The composition of the low mp powder will typically be determined, at least in part, by whether the MCrAlY slurry is intended to form an environmental coating on an undamaged GTE component or, instead, to repair a structurally-degraded area of a service-run GTE component. In embodiments wherein the MCrAlY slurry is intended to form an environmental barrier coating on an undamaged GTE component, the low mp powder is preferably an aluminum-containing powder and, more preferably, an aluminum powder or an aluminum-silicon powder. An aluminum-silicon powder having a preferred composition is set-forth in TABLE 4 below. The values set-forth in TABLE 4 below are approximations of the maximum and minimum weight percentages of each component included within the aluminum-silicon powder.

TABLE 4
First Exemplary Low MP (Non-Braze) Powder
		Minimum	Maximum
	Component	Weight %	Weight %
	Aluminum	92.0	96.0
	Silicon	4.0	8.0

In embodiments wherein the MCrAlY slurry is utilized to repair structural damage of an engine-run GTE component, the low mp powder preferably comprises a braze alloy, such as a nickel- or cobalt-based braze alloy. Three braze alloys well-suited for usage in embodiments wherein the MCrAlY slurry is utilized for repair purposes are set-forth in TABLES 5-7 below. As previously indicated, the values set-forth in TABLES 5-7 below are approximations of the maximum and minimum weight percentages of each component included within the braze powder.

TABLE 5
First Exemplary Low MP (Braze) Powder
		Minimum	Maximum
	Component	Weight %	Weight %
	Aluminum	3.6	5.2
	Boron	2.3	3.2
	Carbon	0.02	0.06
	Chromium	6.7	9.2
	Cobalt	9.7	10.3
	Hafnium	1.3	4.0
	Nickel	Bal	Bal
	Rhenium	1.4	3.2
	Tantalum	3.3	6.3
	Tungsten	3.7	4.7

TABLE 6
Second Exemplary Low MP (Braze) Powder
		Minimum	Maximum
	Component	Weight %	Weight %
	Carbon	0.4	0.8
	Boron	2.5	3.0
	Chromium	22.5	23.5
	Cobalt	Bal	Bal
	Nickel	9.5	10.5
	Tantalum	3.3	3.9
	Titanium	0.10	0.30
	Tungsten	6.5	7.5
	Yttrium	0.03	0.07
	Zirconium	0.3	0.7

TABLE 7
Third Exemplary Low MP (Braze) Powder
		Minimum	Maximum
	Component	Weight %	Weight %
	Aluminum	3.2	4.0
	Boron	2.5	3.0
	Chromium	13.5	14.5
	Cobalt	9.5	10.5
	Nickel	Bal	Bal
	Tantalum	2.2	2.8
	Yttrium	0.05	0.15

Next, during STEP 12 of exemplary method 10 (FIG. 1), a chemical binder, such as a custom prepared binder solution or a commercially-available binder like B215, is introduced into the MCrAlY plus low mp powder mixture to produce an MCrAlY slurry. Although other binders may be employed, in one embodiment, a binder solution is employed that comprises a phosphate/chromate solution containing approximately 30 wt. % phosphate and approximately 60 wt. % chromate. In another embodiment, commercially-available chemical binder like B215 is used to prepare the MCrAlY slurry. The resulting MCrAlY slurry may then be diluted to a desired viscosity to facilitate application via brushing, dipping, or spraying, as described below. In a preferred embodiment, the MCrAlY slurry is diluted with an alcohol, such as isopropanol. Although the weight percentages will inevitably vary amongst different embodiments, 10 wt. % binder and 15 wt. % alcohol may be added to the MCrAlY plus low mp powder mixture to produce the final MCrAlY slurry. If desired, the slurry may be milled, mixed, or blended to obtain a desired range of particle sizes and/or a uniform consistency. Advantageously, the final diluted MCrAlY slurry can be stored in a ready-to-use state for extended periods of time without significant deterioration of its properties.

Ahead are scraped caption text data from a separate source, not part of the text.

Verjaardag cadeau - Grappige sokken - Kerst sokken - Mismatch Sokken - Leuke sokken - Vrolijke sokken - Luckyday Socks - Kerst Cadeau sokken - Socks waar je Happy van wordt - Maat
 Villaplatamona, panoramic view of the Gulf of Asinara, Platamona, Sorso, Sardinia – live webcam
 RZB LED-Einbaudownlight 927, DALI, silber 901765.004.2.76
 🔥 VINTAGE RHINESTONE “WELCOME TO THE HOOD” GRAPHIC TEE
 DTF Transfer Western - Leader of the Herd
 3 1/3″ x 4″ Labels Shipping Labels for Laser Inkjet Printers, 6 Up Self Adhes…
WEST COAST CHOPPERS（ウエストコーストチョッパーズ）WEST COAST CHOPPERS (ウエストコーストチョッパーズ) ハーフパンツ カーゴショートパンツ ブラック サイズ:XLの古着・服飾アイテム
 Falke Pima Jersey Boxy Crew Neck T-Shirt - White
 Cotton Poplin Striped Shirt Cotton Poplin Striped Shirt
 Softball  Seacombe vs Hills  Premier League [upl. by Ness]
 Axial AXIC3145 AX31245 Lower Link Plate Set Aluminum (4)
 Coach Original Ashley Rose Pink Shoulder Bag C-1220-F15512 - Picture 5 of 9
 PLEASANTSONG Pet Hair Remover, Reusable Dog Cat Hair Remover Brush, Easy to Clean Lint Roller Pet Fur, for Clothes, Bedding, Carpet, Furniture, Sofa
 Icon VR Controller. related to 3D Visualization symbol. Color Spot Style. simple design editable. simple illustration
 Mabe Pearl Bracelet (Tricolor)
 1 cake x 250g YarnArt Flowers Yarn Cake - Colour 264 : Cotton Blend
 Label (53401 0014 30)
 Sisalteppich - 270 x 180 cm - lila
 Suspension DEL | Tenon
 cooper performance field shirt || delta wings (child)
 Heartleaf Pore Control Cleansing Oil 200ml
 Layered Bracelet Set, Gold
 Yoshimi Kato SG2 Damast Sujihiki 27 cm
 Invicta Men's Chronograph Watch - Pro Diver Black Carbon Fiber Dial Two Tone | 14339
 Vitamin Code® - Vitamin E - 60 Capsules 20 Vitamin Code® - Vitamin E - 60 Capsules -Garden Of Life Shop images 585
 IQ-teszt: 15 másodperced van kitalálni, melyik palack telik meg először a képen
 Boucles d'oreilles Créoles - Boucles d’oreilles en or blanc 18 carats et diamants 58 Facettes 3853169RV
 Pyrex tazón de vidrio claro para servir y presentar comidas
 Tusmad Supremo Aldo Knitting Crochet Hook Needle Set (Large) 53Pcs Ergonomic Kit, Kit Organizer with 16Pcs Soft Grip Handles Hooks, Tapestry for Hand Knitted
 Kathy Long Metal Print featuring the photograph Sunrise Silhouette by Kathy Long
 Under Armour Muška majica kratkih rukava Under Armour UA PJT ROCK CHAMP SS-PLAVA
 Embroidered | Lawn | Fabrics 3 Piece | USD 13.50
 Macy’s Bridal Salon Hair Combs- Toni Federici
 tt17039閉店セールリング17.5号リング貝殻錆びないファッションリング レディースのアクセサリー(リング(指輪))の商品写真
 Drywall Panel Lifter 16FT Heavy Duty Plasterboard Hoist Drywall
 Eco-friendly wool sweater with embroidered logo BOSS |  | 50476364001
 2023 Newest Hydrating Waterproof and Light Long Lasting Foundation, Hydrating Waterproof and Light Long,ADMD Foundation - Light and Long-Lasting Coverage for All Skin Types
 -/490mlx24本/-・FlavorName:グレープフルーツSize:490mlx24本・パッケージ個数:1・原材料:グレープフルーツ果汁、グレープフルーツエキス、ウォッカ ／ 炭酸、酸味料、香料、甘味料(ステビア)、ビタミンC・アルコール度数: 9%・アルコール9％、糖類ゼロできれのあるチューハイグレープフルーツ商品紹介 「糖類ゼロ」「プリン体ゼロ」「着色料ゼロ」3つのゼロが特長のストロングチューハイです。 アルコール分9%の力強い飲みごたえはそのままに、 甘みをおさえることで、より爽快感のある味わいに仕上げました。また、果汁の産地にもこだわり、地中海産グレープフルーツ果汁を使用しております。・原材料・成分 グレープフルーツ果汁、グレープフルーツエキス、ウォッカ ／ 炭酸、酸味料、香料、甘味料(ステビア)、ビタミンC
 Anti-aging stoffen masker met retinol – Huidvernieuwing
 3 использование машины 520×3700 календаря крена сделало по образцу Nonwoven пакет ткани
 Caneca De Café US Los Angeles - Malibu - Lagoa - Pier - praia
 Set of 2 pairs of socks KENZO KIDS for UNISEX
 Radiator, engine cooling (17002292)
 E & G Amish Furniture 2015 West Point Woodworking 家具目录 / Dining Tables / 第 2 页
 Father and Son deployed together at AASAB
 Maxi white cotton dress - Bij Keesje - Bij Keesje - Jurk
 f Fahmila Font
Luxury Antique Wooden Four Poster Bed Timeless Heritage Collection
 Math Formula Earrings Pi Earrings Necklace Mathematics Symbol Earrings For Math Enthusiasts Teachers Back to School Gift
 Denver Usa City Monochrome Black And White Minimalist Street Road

Continuing with exemplary method 10 (FIG. 1), one or more surfaces of the selected GTE component are next prepared for application of the MCrAlY slurry (STEP 16, FIG. 1). During STEP 16, the surface or surfaces of the selected GTE component may be cleaned utilizing, for example, a de-greasing agent. In embodiments wherein the MCrAlY slurry is to be applied on an area of the GTE component having structural damage (e.g., material loss or cracking), a hydrogen fluoride ion cleaning may further be performed to remove deeply embedded oxides. In embodiments wherein the MCrAlY slurry is to be applied on an undamaged surface of a GTE component, the surface or surfaces of the GTE component may be grit blasted during STEP 16 utilizing, for example, a nickel, silicon carbide, or aluminum oxide grit, depending, at least in part, upon which of the MCrAlY slurry types is to be applied.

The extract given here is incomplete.